One can’t help but sympathize with residential tenants who are seeing huge increases in their rents, some as high as $200 per month.
Combined with inflation driving up the price of everything from gas to food, and salaries not keeping up with the cost of living, many people’s finances are being squeezed at all ends and meeting where they’re most vulnerable — the need to maintain a roof over their heads.
It’s always easy, particularly in this case, to look at their landlords as the villains — raising the rents on their properties at a time when people can least afford it, putting families at risk of being put out on the street or at the very least being forced to search for lower-cost apartments in a tight market of rising rents.
But landlords have faced their own hardships over the past 2 1/2 years of the COVID crisis that can’t be dismissed.
Not only were many tenants who faced hardship given a reprieve from paying their rents and from being evicted during much of the pandemic, but landlords’ expenses for maintenance and repairs of their properties rose during that time.
Need, not greed, is likely fueling many of the rent increases we’re seeing.
Combined with inflation and the loss of rental income over many months, many landlords have struggled to pay their mortgages, taxes and other bills, making them victims of this crisis too.
It’s tempting for government to want to step in and fix everything for everybody, just as some officials in the city of Schenectady are considering, such as by limiting landlords’ ability to raise rents.
But the problem is far more deeply rooted and complex than a local government can expect to fix on its own.
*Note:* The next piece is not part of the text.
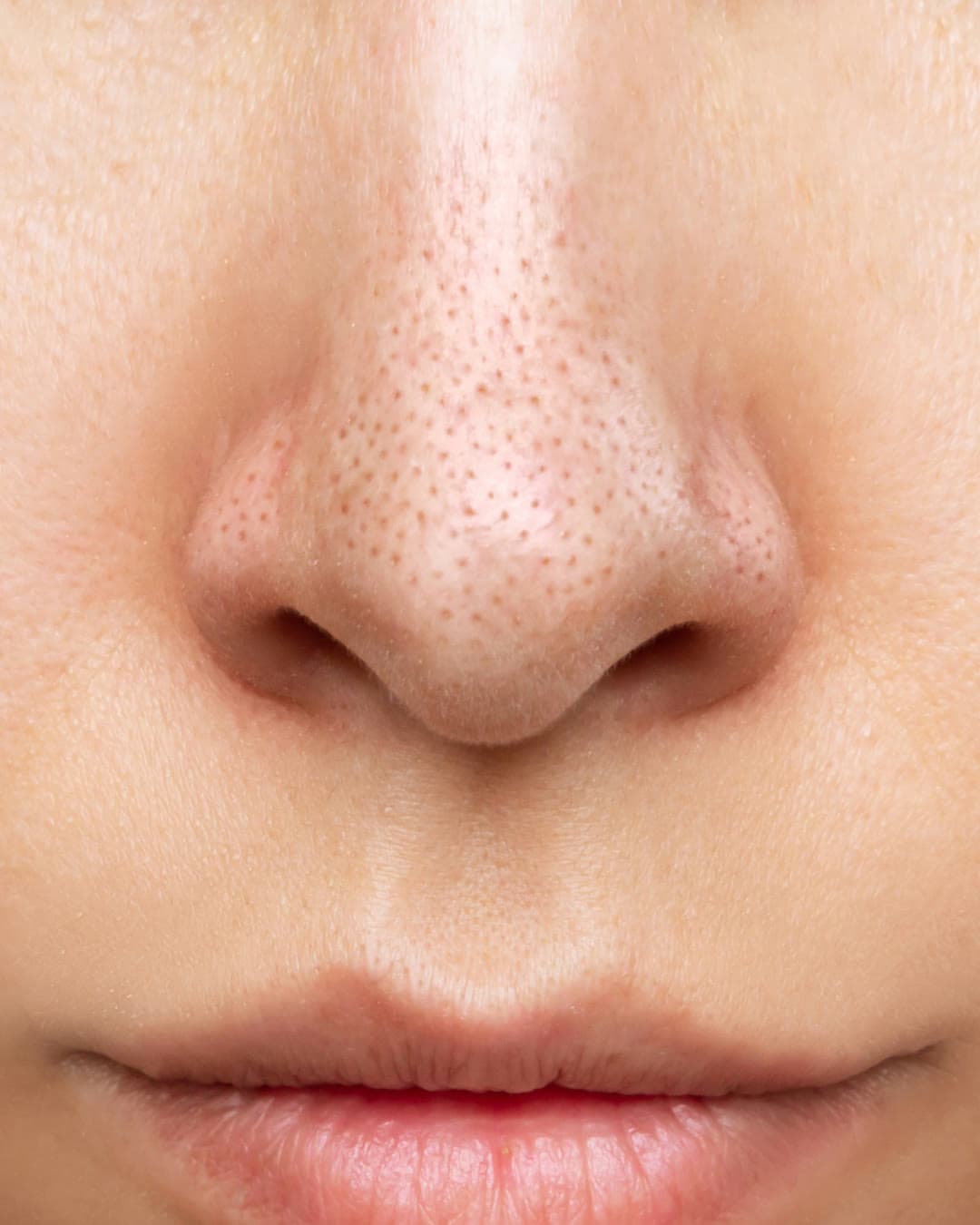 Enlarged Pores concern — Dr Alexa aesthetic clinic London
And whatever solutions city officials come up with to resolve a temporary situation out of compassion for renters could have long-term negative impacts on both landlords and tenants.
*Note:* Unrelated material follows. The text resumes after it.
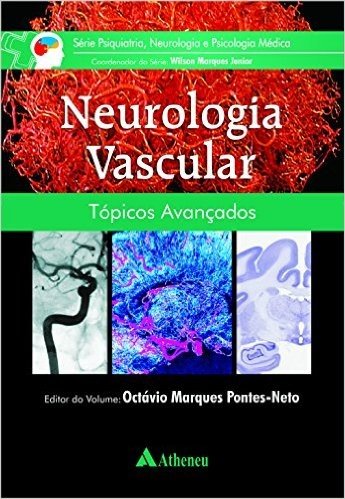 Neurologia Vascular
For an example of an attempt at a solution that backfired because a local government stretched the boundaries of its authority, look at the state capital, where the city of Albany’s Good Cause Eviction law was recently tossed out by a state Supreme Court judge. The law stipulated that landlords could not evict a tenant or refuse to renew a lease without meeting criteria from a list of 10 conditions. The law also limited rent increases to 5% in most situations.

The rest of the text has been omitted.